Training, Open Source computer languages
PerlPHPPythonMySQLApache / TomcatTclRubyJavaC and C++LinuxCSS 
Search for:
Home Accessibility Courses Diary The Mouth Forum Resources Site Map About Us Contact
 
20.9.2014 - We have just updated our course layouts and descriptions and added our 2015 schedule.

Passing a URL variable

Posted by hl5 (hl5), 16 September 2005
Hello:

I am new at this.
When I pass a URL variable:
http://somesite/test.php?state=nevada

The test.php:

<?php
$next = $state;
?>

Is this going to set $next to nevada?
Or is there a syntax error here?

I am receiving an error:
"Parse error: parse error, unexpected '=', expecting T_VARIABLE or '$' "
What does that mean?

Thanks,

- Harry

Posted by hl5 (hl5), 17 September 2005
OK, I figured it out.

Thanks,

- Harry

Posted by admin (Graham Ellis), 17 September 2005
on 09/17/05 at 04:42:44, hl5 wrote:
OK, I figured it out.


I didn't .... what was it?

Posted by curtis (curtis), 8 October 2005
Syntatically speaking, that should've been fine. Just to warn you, you should always escape user input. The data passed through either GET or POST submissions should be escaped by htmlspecialchars or htmlentities

Code:
<?php
$state = isset($_GET['state']) ? htmlentities($_GET['state']) : false;

....

if ($state) {
  // do stuff
}

....

?>


Posted by admin (Graham Ellis), 8 October 2005
Hi, Curtis, and welcome to Opentalk.

When I made my initial answer here, I wondered whether I should refer to $_GET and/or $_POST .... or perhaps to $_REQUEST which combines both of them (and a couple of other tings too) so that the code will work whichever method was used.  
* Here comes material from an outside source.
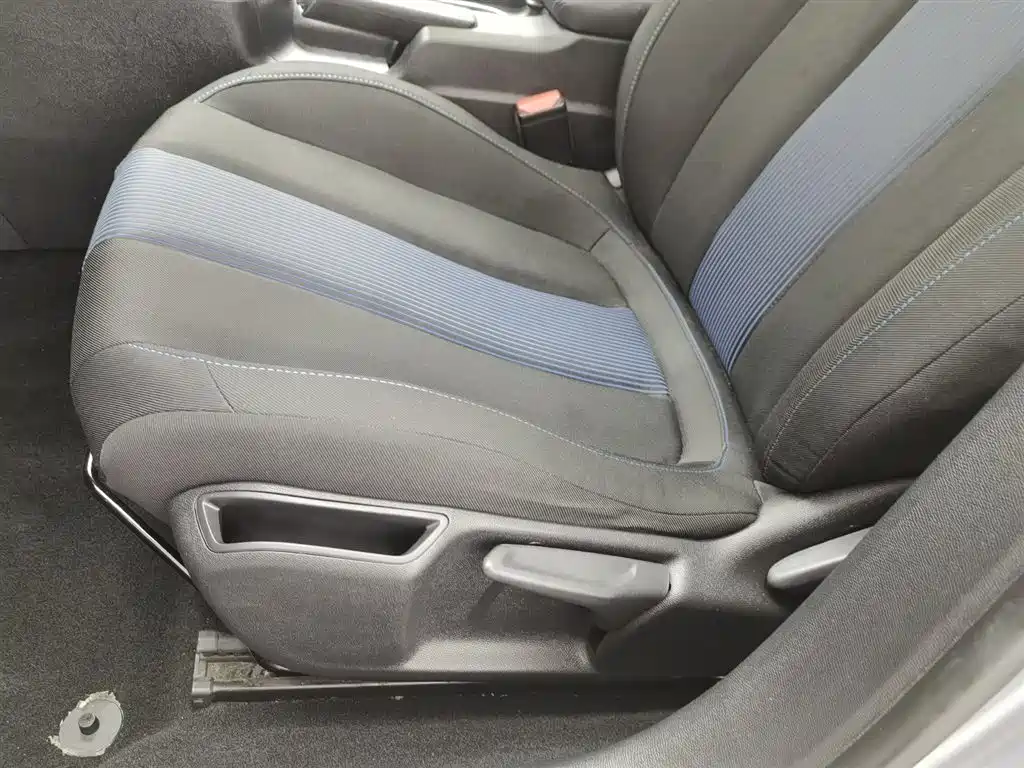 Peugeot 308 2018 1.6L Auto Luxury Edition фото 20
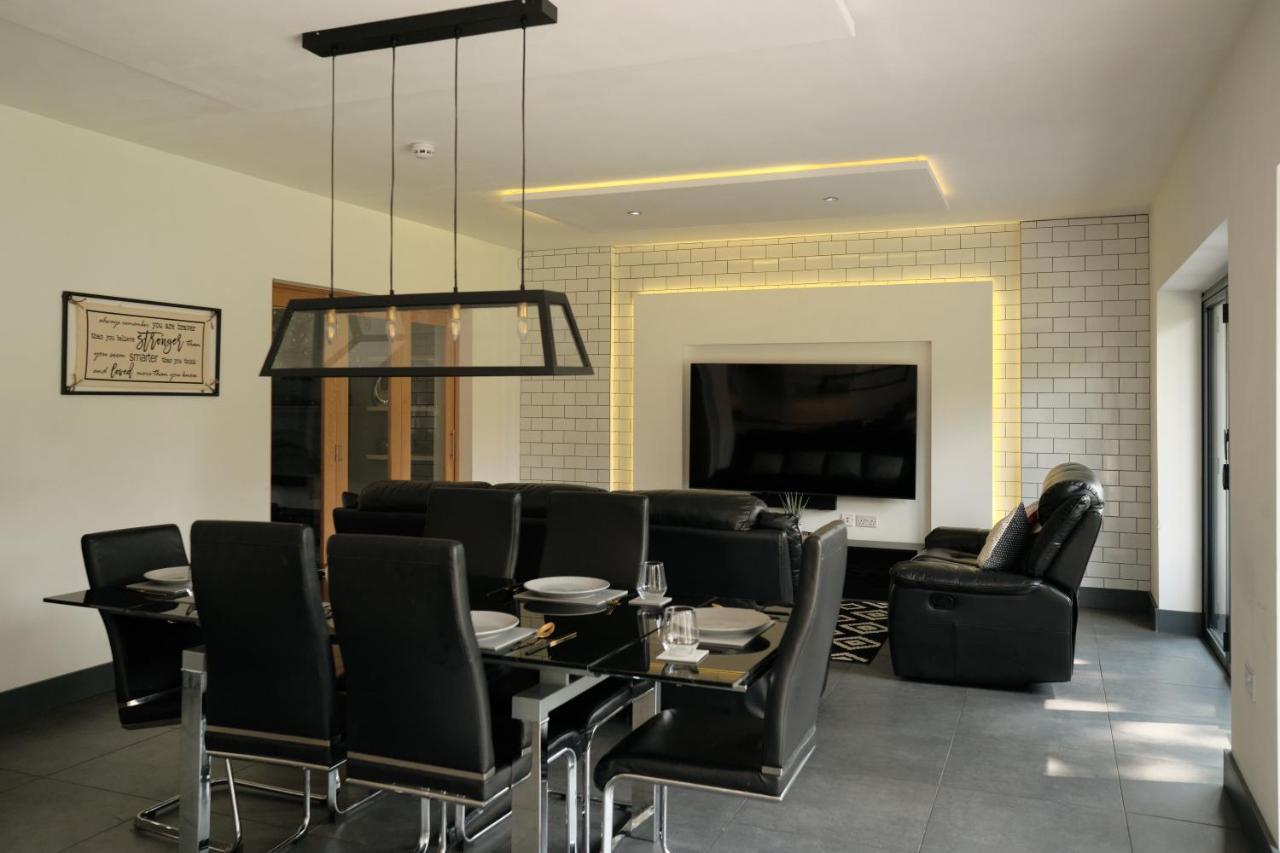 Modern Spacious House - Sleeps 16, Free Parking, Sun Terrace นานีทัน ภายนอก รูปภาพ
I decided against making such a comment, since it clearly wasn't the issue which was a syntax problem.  I'm also very much aware that many users of this board may have older versions of software running on servers that were set up a while back, and over which they don't have control.   In older versions of PHP, $_GET and $_POST aren't actually available, even though they're the reocmmended way of doing things in the current version.

On a more serious note, I'm going to suggest that your call to htmlentities is incorrect in this context, but I might have acceped stripslashes.

As you read from a form element into a variable within your program, you need to tidy up any specialcharacters that are in there and PHP may (depending on its configuration) have added extra backslashes.   Period.   End of things to do on input.

As you write text back out, you should deal with special characters such as < and " which mean something special to the browser, and at that point you should use htmlentities or an alternative.   To call this as you're dealing with the input means that you're going to have to work your business logic on encoded strings rather than the true text.

To complete the story, if you're going to save the string you've read into a database, use it as part of your where clause, or use it for some other similar purpose, you should addslashes to prevent malicious injection attacks.

Can't even a simple input be complicated!  

Posted by curtis (curtis), 8 October 2005
Thanks for clearing that up, Graham, and for the welcome .

I do understand what you were talking about, I just mentioned that because it's good to get in the habbit of escaping user input. I knew that my response had specifics in it, like: super globals and query string. I forgot about stripslashes because I turn off magic quotes for my local setup, as it's irritating to me.

I get so used to talking with my friends who have the same type of set up, that I didn't really think about it.

Concerning database escaping, I'm glad that you mentioned it, because I see a lot of people writing scripts that take in form data directly without escaping with either addslashes, mysql_real_escape_string, etc. You may or may not be surprised how many scripts are made freely available for people and are unsafe.

Posted by admin (Graham Ellis), 9 October 2005
Alas, one of the downsides of PHP being a fast-developing language has been that the best solution under the current release won't work under earlier releases, and that solutions under earlier releases aren't ideal under current releases.   Add to that facilities like short_open_tag, magic_quotes_gpc and register_globals which can be configured on or off and effect the source, and portability / support advise needs to be carefully considered and statements qualified!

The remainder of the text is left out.